Task item. For this task, output exactly the lines of the material below starting at the line with "Hello, this video" and ending at the line with "Hello everyone. Let's"; pictures are to be excluded.

Records shown.
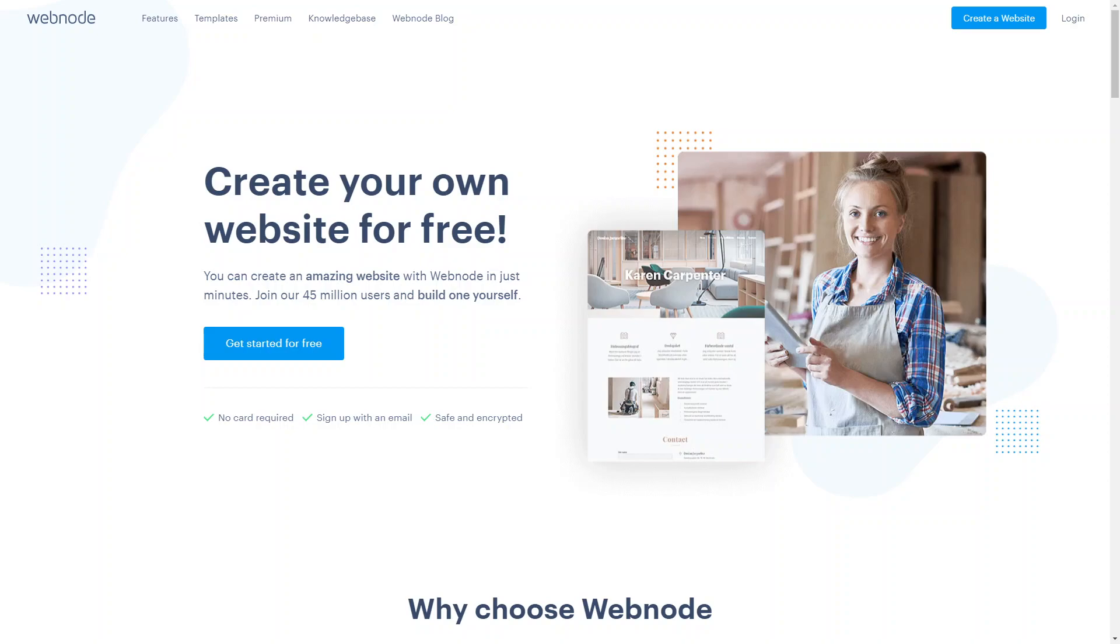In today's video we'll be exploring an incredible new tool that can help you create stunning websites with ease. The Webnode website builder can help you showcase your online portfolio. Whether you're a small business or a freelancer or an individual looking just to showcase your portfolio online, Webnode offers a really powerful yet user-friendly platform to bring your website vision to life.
---
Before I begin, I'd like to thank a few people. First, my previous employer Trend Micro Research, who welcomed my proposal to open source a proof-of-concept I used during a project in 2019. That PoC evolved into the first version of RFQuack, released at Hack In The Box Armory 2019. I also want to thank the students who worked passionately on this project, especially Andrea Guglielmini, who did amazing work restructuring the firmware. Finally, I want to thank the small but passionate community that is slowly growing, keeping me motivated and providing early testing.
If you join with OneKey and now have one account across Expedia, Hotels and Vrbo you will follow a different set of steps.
...
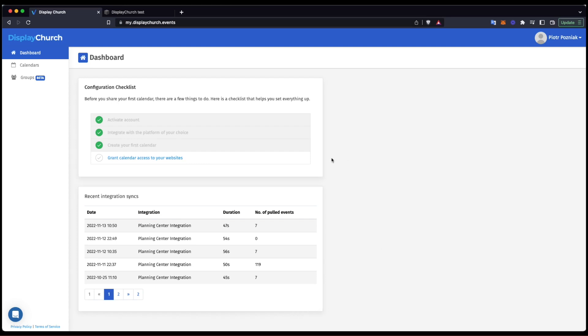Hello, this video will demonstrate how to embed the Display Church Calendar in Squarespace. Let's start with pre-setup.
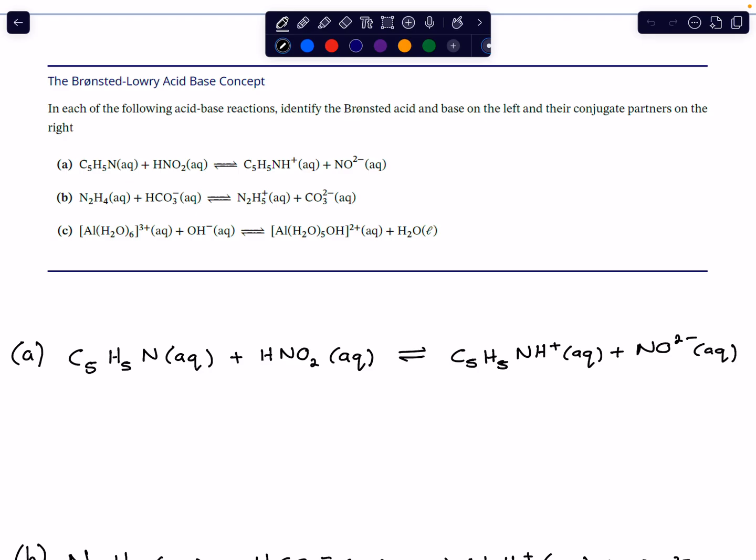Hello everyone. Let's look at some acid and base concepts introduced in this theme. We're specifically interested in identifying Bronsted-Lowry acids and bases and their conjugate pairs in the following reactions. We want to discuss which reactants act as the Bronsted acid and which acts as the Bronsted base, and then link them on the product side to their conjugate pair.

Answer box.
Hello, this video will demonstrate how to embed the Display Church Calendar in Squarespace. Let's start with pre-setup.
Hello everyone. Let's look at some acid and base concepts introduced in this theme. We're specifically interested in identifying Bronsted-Lowry acids and bases and their conjugate pairs in the following reactions. We want to discuss which reactants act as the Bronsted acid and which acts as the Bronsted base, and then link them on the product side to their conjugate pair.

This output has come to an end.